Geminiviruses: masters at redirecting and reprogramming plant processes

Key Points

  • Geminiviruses constitute a large family of plant-infecting DNA viruses. They cause severe disease and significant losses in diverse crops worldwide and contribute to food insecurity in developing countries.

  • Because of their small genomes and limited coding capacities, geminiviruses rely heavily on host machineries for infection. They interact with a wide range of plant proteins and processes to support viral DNA replication, gene expression and trafficking, and to counteract host defences. Many of these interactions affect plant developmental pathways, resulting in symptoms that include stunting, leaf deformation and suppression of fruit production.

  • Geminviruses reprogramme plant cell cycle controls to induce the synthesis of host DNA replication enzymes, which are recruited to viral DNA by interactions with viral proteins.

  • Geminiviruses interact with multiple plant protein kinases and hormone pathways to modulate host signalling networks.

  • Some geminivirus proteins can interact with or modify components of the host ubiquitylation and sumoylation machinery, resulting in global or targeted changes in host protein modifications.

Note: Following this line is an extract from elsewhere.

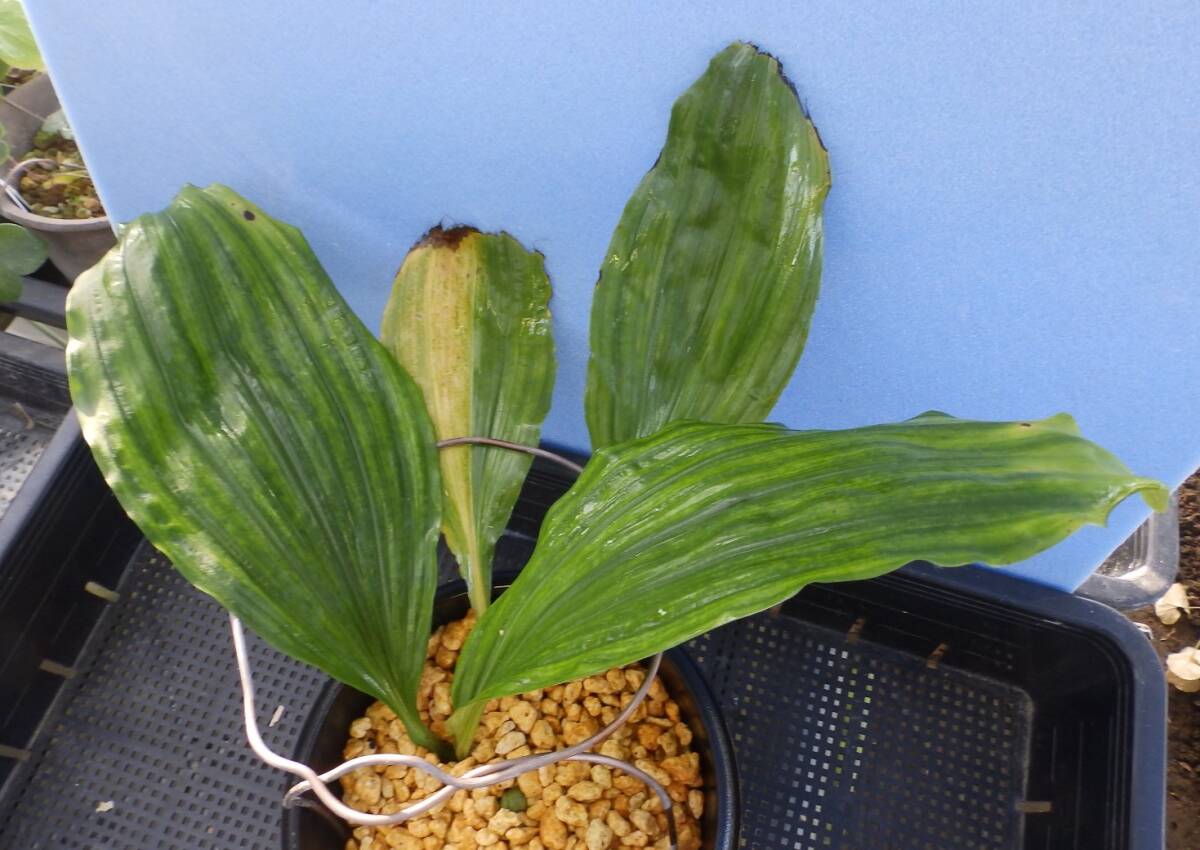  луговые и горные травы ... креветка neNO.23 название [ зеленый .]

  • Plants use a combination of transcriptional gene silencing and post-transcriptional gene silencing as defences against geminivirus infection. Geminiviruses encode viral suppressors of RNA silencing that interfere with both of these pathways.

Abstract

The family Geminiviridae is one of the largest and most important families of plant viruses. The small, single-stranded DNA genomes of geminiviruses encode 5–7 proteins that redirect host machineries and processes to establish a productive infection. These interactions reprogramme plant cell cycle and transcriptional controls, inhibit cell death pathways, interfere with cell signalling and protein turnover, and suppress defence pathways. This Review describes our current knowledge of how geminiviruses interact with their plant hosts and the functional consequences of these interactions.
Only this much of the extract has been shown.